GH: The Digital Operational Resilience Act (DORA) aims at ensuring the operational resilience of the financial sector in the face of increasing digitalization and cyber threats. The DORA seeks to establish a harmonized framework for information and communication technology (ICT) risk management for financial institutions, including banks, investment firms, insurance companies, and trading venues.

The DORA is important for financial institutions because it requires them to assess and manage their ICT risks in a more comprehensive and proactive manner, ensuring that they are able to withstand and recover from cyber incidents and other operational disruptions. This will help to protect their customers, maintain market stability, and promote innovation and growth.
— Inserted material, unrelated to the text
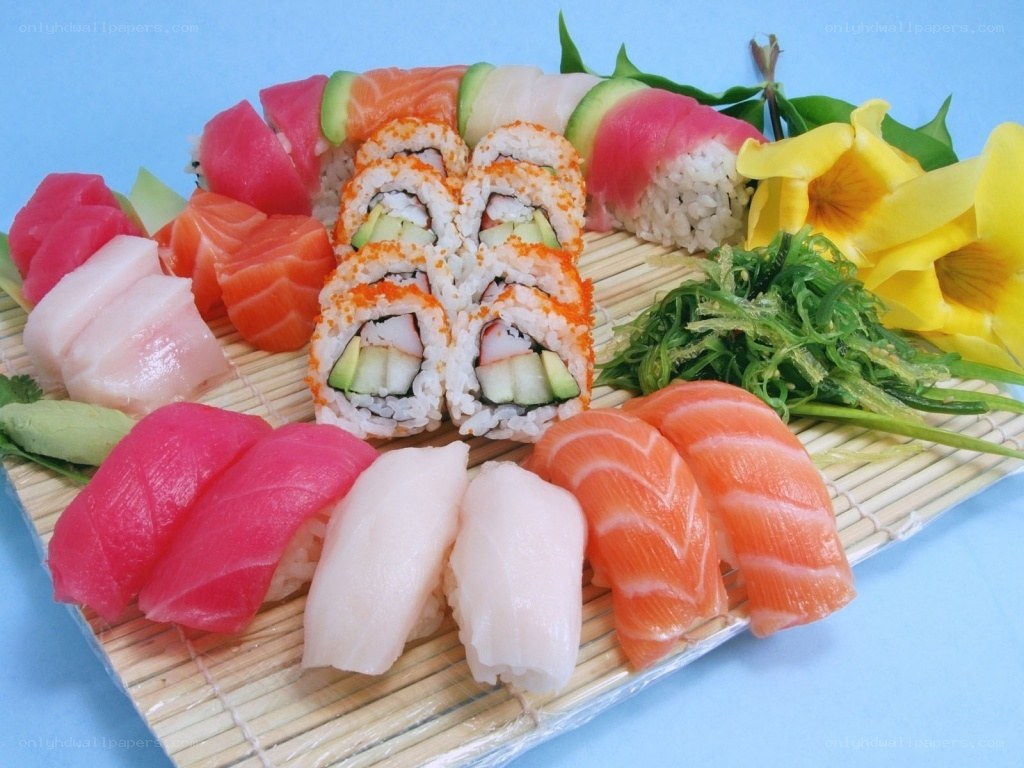 sushi platter with assorted rolls and sashimi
Interviewer: How do you think DORA will impact third-party service providers like Facilization?

GH: DORA has already had an impact on our business, as we work closely with financial institutions to provide them with the technology solutions they need to manage their operations. The regulation requires us to ensure that our products and services are compliant with the DORA framework, which means we’ll need to have a better understanding of the digital operational risks our clients are facing and how we can help mitigate those risks.

Interviewer: That makes sense. Can you give us some examples of how the DORA is affecting your company?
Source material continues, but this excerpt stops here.